The discussion hasn’t been settled yet in part because there doesn’t seem to be a “standard” convention in the ecosystem to follow: e.g., workers is used by SciPy while scikit-learn uses n_jobs.
As this seems somewhat similar in concept to SPEC 7 — Seeding pseudo-random number generation I’d be curious what people think of making an ecosystem wide recommendation. In my mind the scope would deal more with naming conventions rather than a full blown “parallel computing API”.
n_jobs may not be the best parameter name but changing it in scikit-learn, joblib, and a number of other projects that adopted the same name, like MNE-Python, imbalanced-learn, xgboost etc … seems like a long-term endeavour and the migration will cause some disruption.
Indeed, @thomasjpfan’s terrific blog post inspired our thinking on this topic. Ultimately, though, we’d rather opt for a workable option that the community is willing to adopt, rather than for the “optimal” naming.
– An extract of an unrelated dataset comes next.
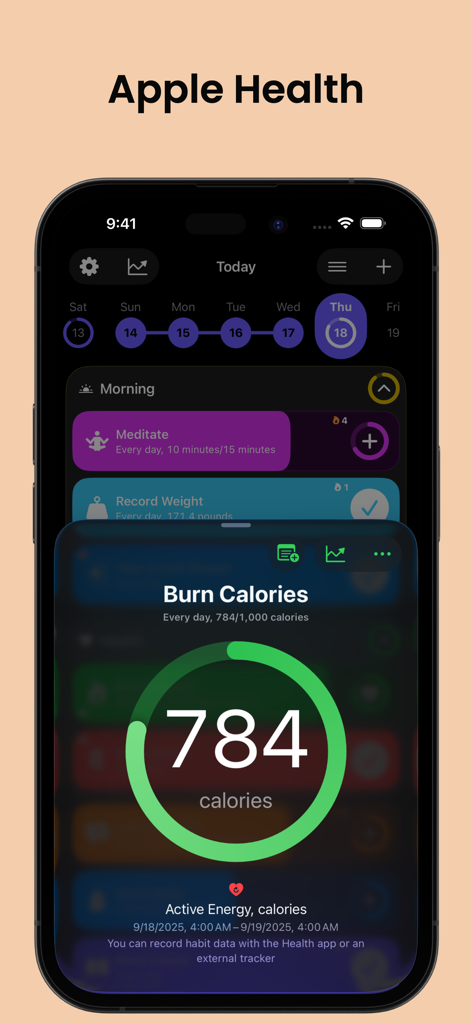 Grit habit tracker interface showing calorie progress and Apple Health integration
Hi, I’ve been working on nx-parallel(parallel backend for NetworkX) and we had a little discussion on what the default value of n_jobs(or workers) should be.
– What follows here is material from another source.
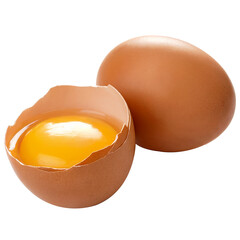 Fresh brown egg with a broken shell showing the vibrant yellow yolk and another intact egg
I’m yet to add a config manager. So right now, a user cannot modify any of the parallel configs but I think we decided to go by the joblib’s conventions(i.e. n_jobs) because nx-parallel is heavily dependent on joblib for all kinds of parallelization stuff, so it would be fair to expect a user to know joblib(if they would want to play around with the parallel configurations in nx-parallel). Also, allowing users to set configs would hopefully allow them to use other parallel backends(like threading, multiprocessing, dask, ray etc.) through joblib, so then, having an ecosystem-wide recommendation would be even more helpful. Also having a SPECs for a whole parallel computing API would be great! And, I’d really like to know how I can contribute to this.